Personal information
- Born: February 10, 1937 Abilene, Texas, U.S.
- Died: August 5, 2010 (aged 72) Fort Worth, Texas, U.S.
- Listed height: 6 ft 3 in (1.91 m)
- Listed weight: 215 lb (98 kg)

Career information
- College: New Mexico State
- NFL draft: 1961 (15th round, 203rd overall pick)
- AFL draft: 1961 (24th round, 185th overall pick)

Career history
- 1962–1968: Edmonton Eskimos
- 1968–1970: BC Lions

Awards and highlights
- 2× CFL All-Star (1966, 1967); 3× CFL West All-Star (1965, 1966, 1967);

= E. A. Sims =

American gridiron football player (1937–2010)

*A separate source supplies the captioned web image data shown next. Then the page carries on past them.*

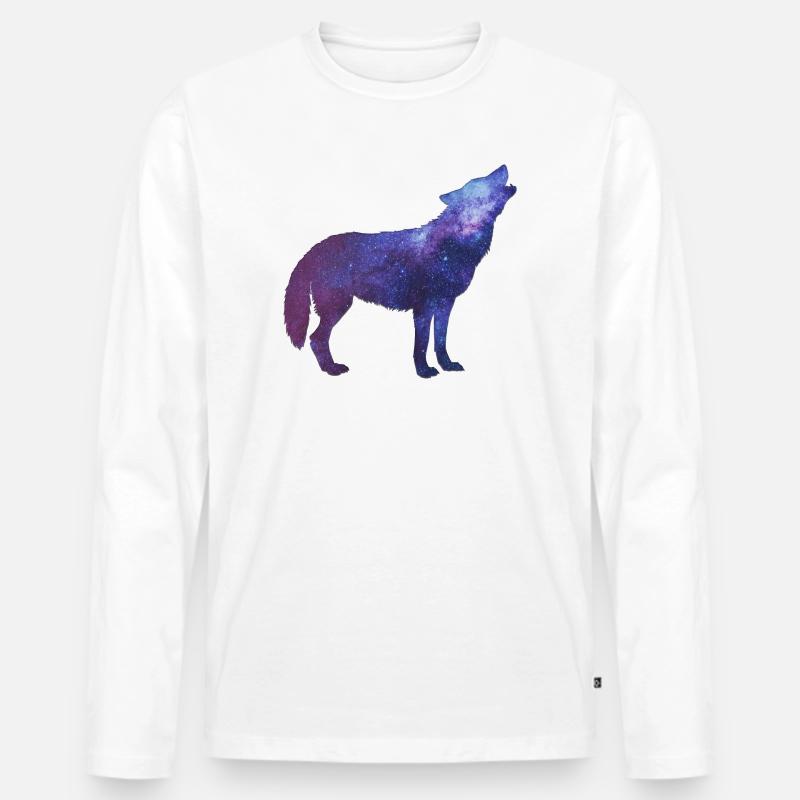 Starwolf Heulen - Männer Premium Bio Langarmshirt - Weiß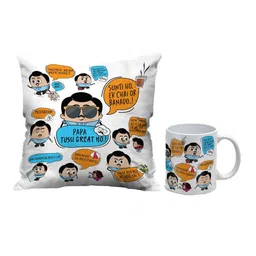 Indigifts Set Of Dad's Dialogues Print Pre-Filled Cushion & Ceramic Coffee Mug image 2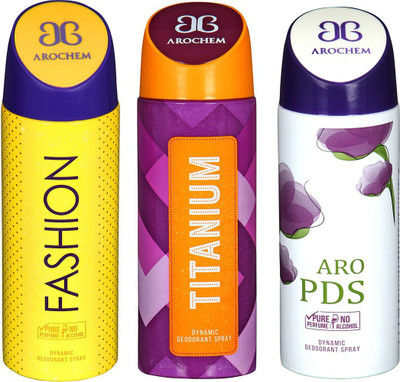 

AROCHEM FASHION , TITANIUM AND ARO PDS DYNAMIC PURE Deodorant Spray - For Men & Women(200 ml, Pack of 3)
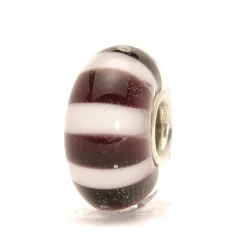 TROLLBEADS 'SORT/HVID STRIBE' GLAS KUGLE - TGLBE-10028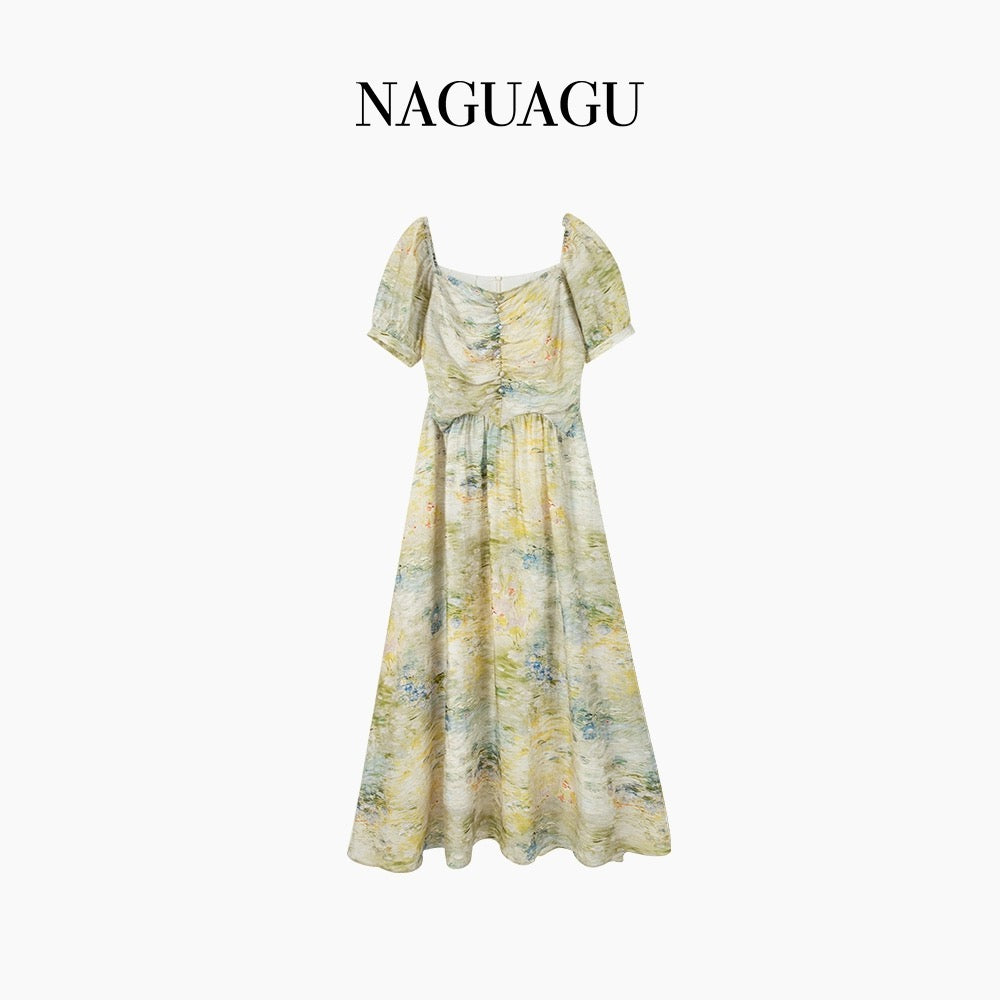 Pumpkin Valley [Oil Painting Skirt] Select U-quality Lyocell digital printing technology_French waist dress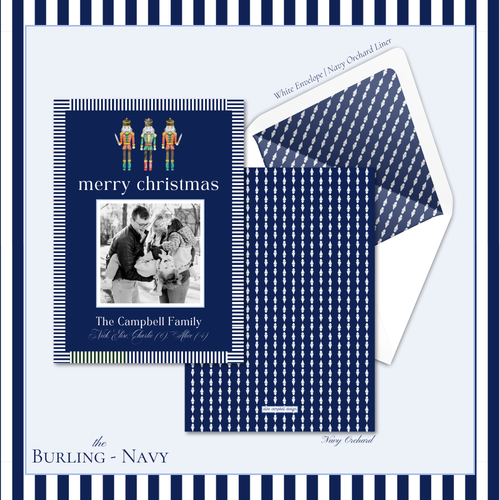 Load image 1 in gallery view. Burling Holiday Card | Vertical | Navy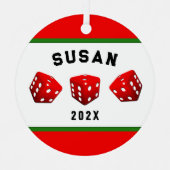 Bunco Night Player Ornament Aus Metall (Vorderseite)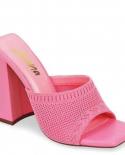 Heels Summer Highheeled Slippers Women Mesh Fabric Thick Heel Slippers  Square Toe Thick Heel Opentoe Sandals  Womens S
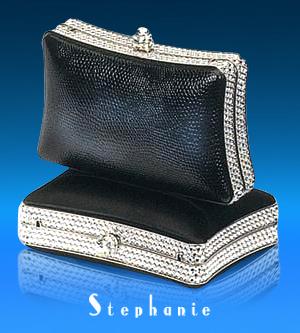 SATIN OR LEATHER COVERED MINAUDIERE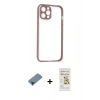 MARSİLYAN™- iPhone 12 Pro Max Kılıf Nova Asil Özel Seri - Siyah Mat Seramik Nano Ekran Koruyucu + Metal Kamera Lens Koruma Cam - KI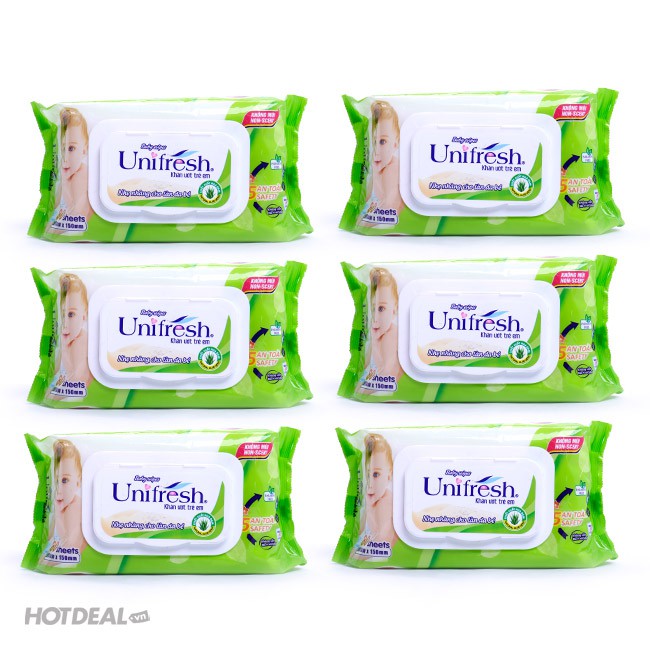 (Xanh,vàng) Combo 10 khăn ướt Unifresh 80 miếng không mùi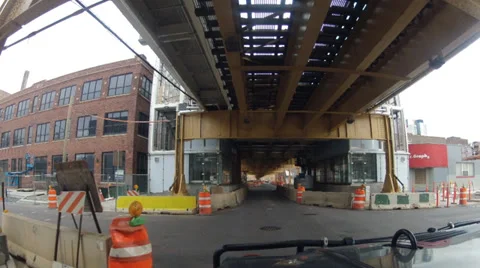 Time-lapse of Chicago on Lake St. driving under train tracks Stock Footage 37181768
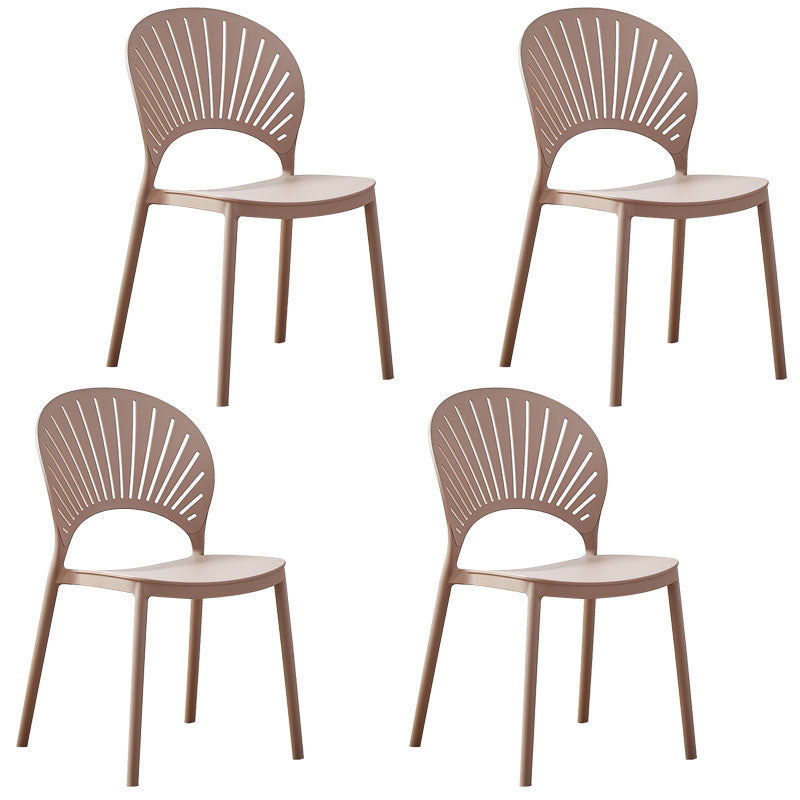Silla apilable moderna que cena sillas traseras abiertas sin brazos con las piernas plásticas para la cocina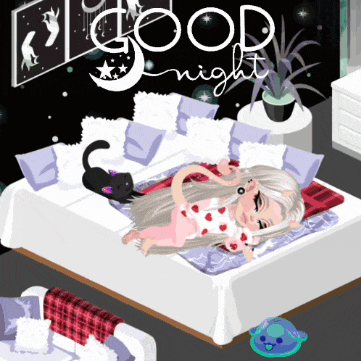 a cartoon girl is laying on a bed with a cat and the words good night written on the wall behind her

E. A. Sims, Jr. (also called Ed, and Zeke; February 10, 1937 – August 5, 2010) was an American professional football end who played in the Canadian Football League (CFL) for the Edmonton Eskimos and B.C. Lions. He was presented with a ring of honor for his achievements at New Mexico State University.

==Early life==
Sims was born in Abilene, Texas, and was very active in sports in junior high and high school. He attended Cisco Junior College in Cisco, Texas, where he played on their football team, The Wranglers. He was made all star three years in a row and also received an outstanding player award. He later played football for the New Mexico State University Aggies in Las Cruces, New Mexico, where in December 1960 he helped defeat Utah State to win the Sun Bowl. During his college career playing for the Aggies, he received another outstanding player award.

==Professional career==
In March 1961 Sims was selected in the 15th round by the Baltimore Colts during the 15th round of the NFL draft. In July 1961 he was traded to the Pittsburgh Steelers for a future draft choice. After sustaining a knee injury, Sims refused to report and in March 1962 he was signed by the Edmonton Eskimos, where he was to play for 7 seasons. In 1966 and in 1967 Sims was selected as a CFL All-Star. In 1968, Sims was cut from the Eskimos following the signing of Ed Marcontell, but was subsequently signed B.C Lions, where he played until 1970 when he retired from the league.